Para realizar o exercício de imaginar a cidade lá em 2034 sem utilizar bola de cristal ou outro exercício de futurologia, o Fórum aposta na objetividade.
“Temos cuidado na elaboração dos estudos para não ter propostas absurdas. A gente se preocupa com coisas mais macros, uma visão de percepção das pessoas”, esclarece. “Uma das propostas levantadas foi o ensino de empreendedorismo nas escolas. Não é ensinar para, em 2034, ter mais dez mil empreendedores em Londrina. Mas achamos que para ter uma cidade com boa qualidade de vida precisamos de gente com visão empreendedora, no sentido de organizar as coisas para atingir um objetivo”, justifica. “Estas propostas não têm uma ligação direta, numérica, com um prazo futuro. É o que vai contribuir para chegarmos na visão de futuro que traçamos”.
Rota definida
Uma das cidades exemplo do País em relação ao planejamento estratégico é Belo Horizonte. A cidade já está na terceira versão do plano “BH no Rumo Certo”, um caderno de 340 páginas que traz tendências e cenários de longo prazo e estabelece desafios, metas e estratégias de desenvolvimento. O documento ainda tem uma divisão por áreas de resultado e sustentação de diretrizes como redução da pobreza, mobilidade sustentável, excelência na gestão orçamentária e financeira, smart city, entre outras.
A economista Marilena Chaves, coordenadora da terceira fase do projeto, trata como fundamental que o ponto de partida seja o conhecimento das metodologias de planejamento por parte de todos os envolvidos. No caso da capital mineira, houve uma confusão conceitual dos gestores e servidores com relação aos principais termos de planejamento durante a elaboração do plano.

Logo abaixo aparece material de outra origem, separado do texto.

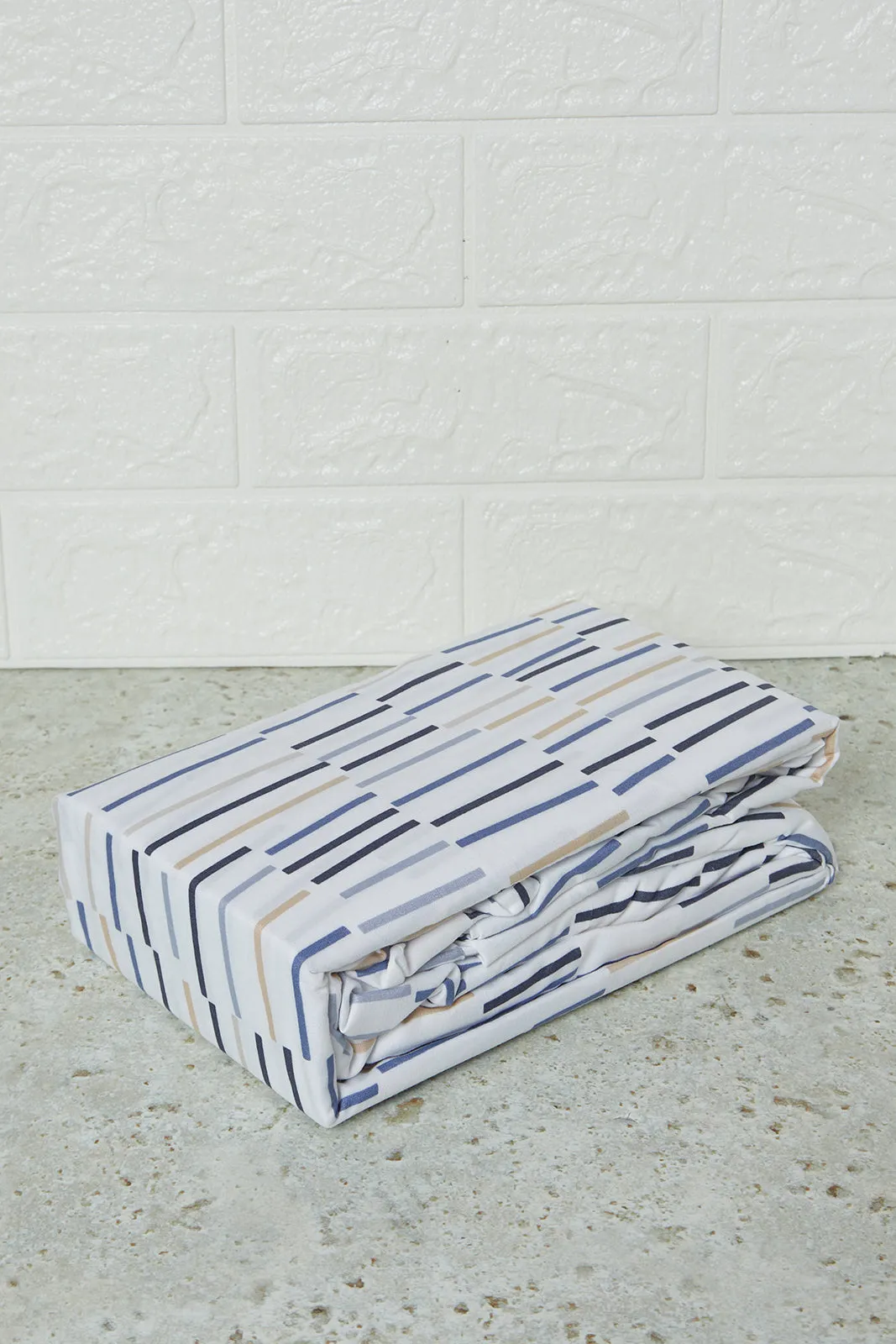 White Geometric Printed Fitted Sheet (King Size)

“É preciso saber as diferenças entre projeto, programa e ação continuada, entre objetivos, metas e indicadores, estratégias e diretrizes. Estas confusões dificultavam muito a elaboração e avaliação dos textos, principalmente na hora de escrever e sintetizar as ideias”, conta, lembrando a importância da presença do prefeito em todo o processo.

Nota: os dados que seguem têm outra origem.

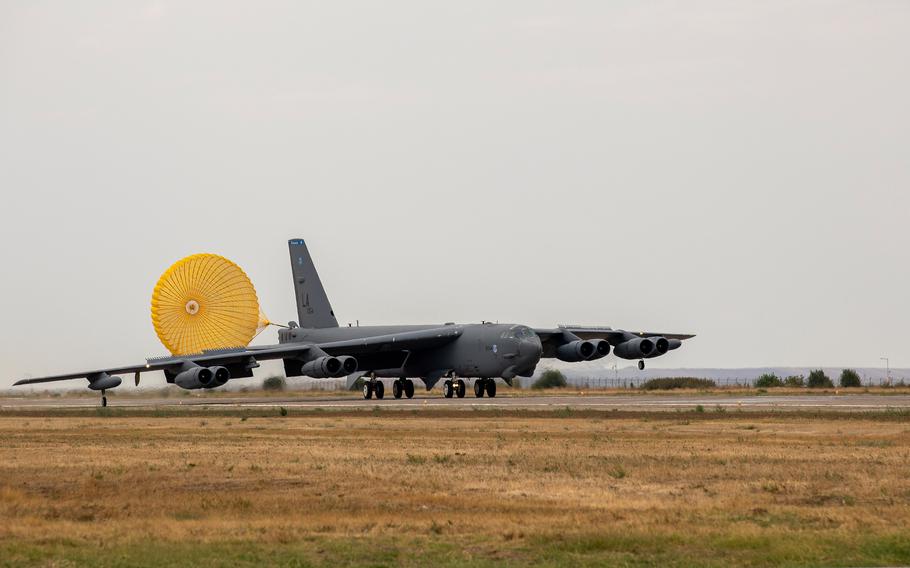 Un B-52H Stratofortress a aterizat la Baza Aeriană Mihail Kogălniceanu din România pe 21 iulie 2024. Baza este programată să devină cea mai mare unitate militară NATO din Europa.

“Foi um agente facilitador em momentos relevantes da elaboração do plano. Fez com que os gestores se engajassem com maior presença. Conheço casos em que as ausências do prefeito e dos gestores dificultaram a implementação”, relata.
Metrópole mais forte
Chama a atenção no planejamento estratégico de Belo Horizonte a importância dada à região metropolitana, que reúne 34 municípios e tem população estimada de 5,4 milhões de habitantes, sendo 47,9% moradores da capital.
Transportando para a realidade local, não há como pensar em um planejamento estratégico de Londrina sem falar nas cidades da região metropolitana, principalmente Cambé e Ibiporã.
Para o urbanista Nestor Rezente, professor da Universidade Estadual de Londrina, desde a década de 1970, quando foram fixadas regras para o uso dos espaços e expansão das cidades, o capital imobiliário se expandiu para as periferias, provocando também o crescimento das cidades vizinhas, integrando serviços e quebrando limites geográficos.
“Temos uma região metropolitana de fato e que precisa ser discutida quando se analisa Londrina. As interdependências entre os municípios são imensas, mas ainda não temos uma definição clara”, avalia. “As regiões metropolitanas sofrem de um mal congênito. Não se consegue o mínimo de atuação para o desenvolvimento. É preciso uma combinação entre prefeitos para que a gente crie uma nova situação. Este aglomerado urbano, que não é mais só Londrina, precisa desenvolver políticas públicas que atentem às necessidades da população”, cobra o urbanista.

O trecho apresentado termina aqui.